Israel is located in a highly fragile desert environment with meager water resources. The country’s only freshwater lake, the Sea of Galilee, is drying up. The only major river, the River Jordan, is a shrinking thread of waste and saline water. The Dead Sea is under threat of extinction.
Given the above harsh realities and the frequent occurrence of drought, Israel started to focus on better management of water which included wastewater management, awareness building, irrigation efficiency, and an aggressive leak-reduction program. Israel has invested heavily in securing their water sources and recycling used water. Nearly half of Israel’s water is manufactured. These are the initiatives which have cemented Israel’s reputation as a responsible water manager and justly so.
- Desalinization of sea water: Desalination plants using the RO system is a major technology for converting seawater into drinking water. This system is highly energy intensive and expensive too.

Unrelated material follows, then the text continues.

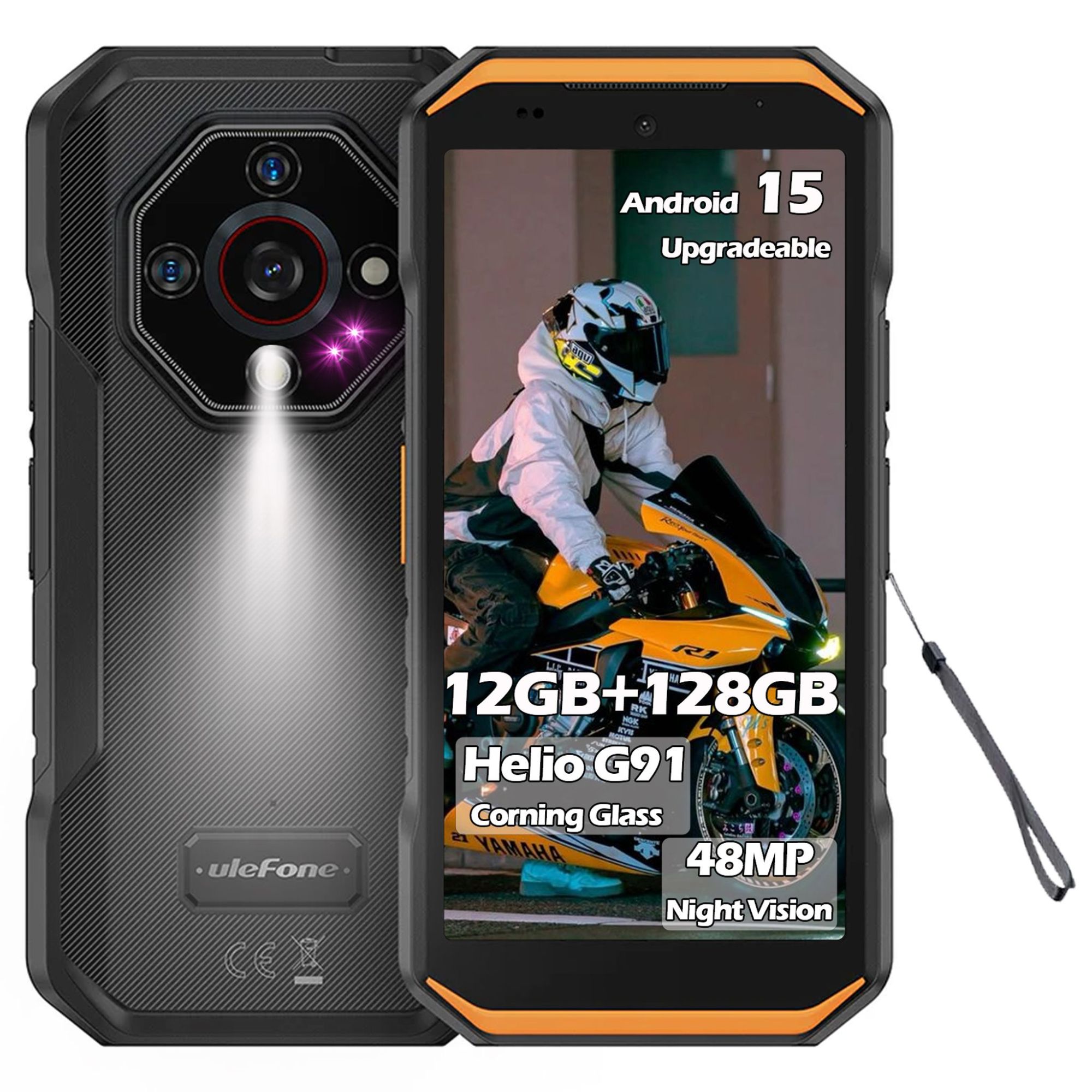 Ulefone Armor X32 Smartphone 16GB + 128GB/24MP + 20MP Night Vision, MTK G91 Upgradable to Android 15 5.65'' Corning Glass Smartphone Waterproof Dual Sim/NFC/Fingerprint - Orange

How does it apply to India: According to Desalination Association of India, the production cost of a brackish water desalination plant could be Rs 10 to 15 per m3 while the production cost for a seawater desalination plant varies between Rs 40 to 50 per m3. It is relatively more expensive than recycling treated water (like the Newater produced from sewage in Singapore). With further filtration and RO process, the treated sewage water can be converted into potable water, at a cost of around Rs. 15–20 per m3.
2. Recycling of wastewater: Israel treats close to85 percent of its wastewater which it then uses for irrigation, gardening and industrial purposes. It is here that Israel leads the world by recycling 90 percent of its wastewater. About 87 percent of this recycled water is reused. About half of Israel’s irrigation is by wastewater.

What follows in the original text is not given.